En el tercer capítulo se analizan las funciones básicas que cumple el consumo para los jóvenes como rito de paso en su trayectoria hacia la vida adulta y su función mediadora para, a continuación, entrar en la que puede ser considerada la función más importante del consumo, la de ayudar al joven a crear su identidad y comunicarla a los demás.

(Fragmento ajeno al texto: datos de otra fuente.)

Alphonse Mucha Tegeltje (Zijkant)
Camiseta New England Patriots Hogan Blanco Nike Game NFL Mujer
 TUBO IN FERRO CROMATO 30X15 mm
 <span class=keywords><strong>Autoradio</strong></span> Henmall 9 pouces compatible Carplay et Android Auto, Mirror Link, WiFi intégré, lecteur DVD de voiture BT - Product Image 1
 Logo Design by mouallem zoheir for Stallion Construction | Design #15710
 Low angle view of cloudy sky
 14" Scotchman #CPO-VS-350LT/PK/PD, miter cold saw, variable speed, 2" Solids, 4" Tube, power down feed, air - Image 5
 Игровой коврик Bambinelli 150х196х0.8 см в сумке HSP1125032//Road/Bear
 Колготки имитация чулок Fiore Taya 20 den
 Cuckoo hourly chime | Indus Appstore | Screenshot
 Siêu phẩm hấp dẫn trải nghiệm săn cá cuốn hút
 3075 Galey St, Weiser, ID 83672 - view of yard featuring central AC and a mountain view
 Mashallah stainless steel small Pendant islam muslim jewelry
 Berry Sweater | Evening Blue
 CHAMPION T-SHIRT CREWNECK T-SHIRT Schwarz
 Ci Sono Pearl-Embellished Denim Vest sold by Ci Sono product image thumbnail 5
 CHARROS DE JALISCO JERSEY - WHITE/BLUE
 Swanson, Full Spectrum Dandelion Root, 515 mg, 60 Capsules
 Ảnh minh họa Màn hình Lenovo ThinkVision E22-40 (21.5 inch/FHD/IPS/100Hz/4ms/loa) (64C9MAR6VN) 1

Corona el capítulo, por último, el análisis del bien de consumo por excelencia de la identidad juvenil a la vez que medio de comunicación privilegiado en la experiencia consumista juvenil, el cuerpo.

En el capítulo cuarto, el protagonista es el segundo rasgo de identidad que los jóvenes eligen a la hora de retratarse a sí mismos después de consumistas, el de rebeldes. Pero ¿son rebeldes los jóvenes actuales? ¿Pueden serlo habiendo primero afirmado ser consumistas, es decir, disfrutando o simplemente asintiendo mayoritariamente al sistema vigente? En este capítulo comenzaremos analizando un tema recurrente en la literatura sociológica del siglo XX, el de “masa”, así como el de “sociedad de masas”, autentico terror social en la primera mitad del siglo XX. El consumismo, proponemos aquí, al mismo tiempo que contribuye a producir esa masa tan temida, se autoproclama como su mejor antídoto, ofreciendo diferenciación y exclusividad a la vez que convierte la rebeldía en su bandera, en el mecanismo de autopromoción más valorado en una sociedad donde todos queremos ser únicos.

Para terminar, en el quinto y último capítulo abordamos el tema de los valores característicos de la sociedad consumista, los valores que ésta, a fin de reproducirse, ha de inculcar en los más jóvenes. Partimos de la tesis, ya suficientemente estudiada, fundamentalmente en la literatura anglosajona, de que la cultura consumista, como cualquier otra, necesita educar a los miembros más jóvenes en un sistema de valores determinado. Ahora bien, ¿existen realmente unos valores del consumismo independientes de tal o cual tendencia, marca o producto? ¿Cómo se forman estos valores y por qué son tan importantes a la hora de reproducir el sistema social consumista? Este capítulo trata de abordar estos temas ofreciendo al lector, aquí especialmente a aquellos que se dedican a la educación o, más ampliamente, a quienes trabajan directamente con adolescentes y jóvenes, una descripción de este nuevo sistema axiológico consumista de tal forma que, esperamos, promuevan y ayuden tanto a la reflexión como a la preparación de programas de trabajo con ellos.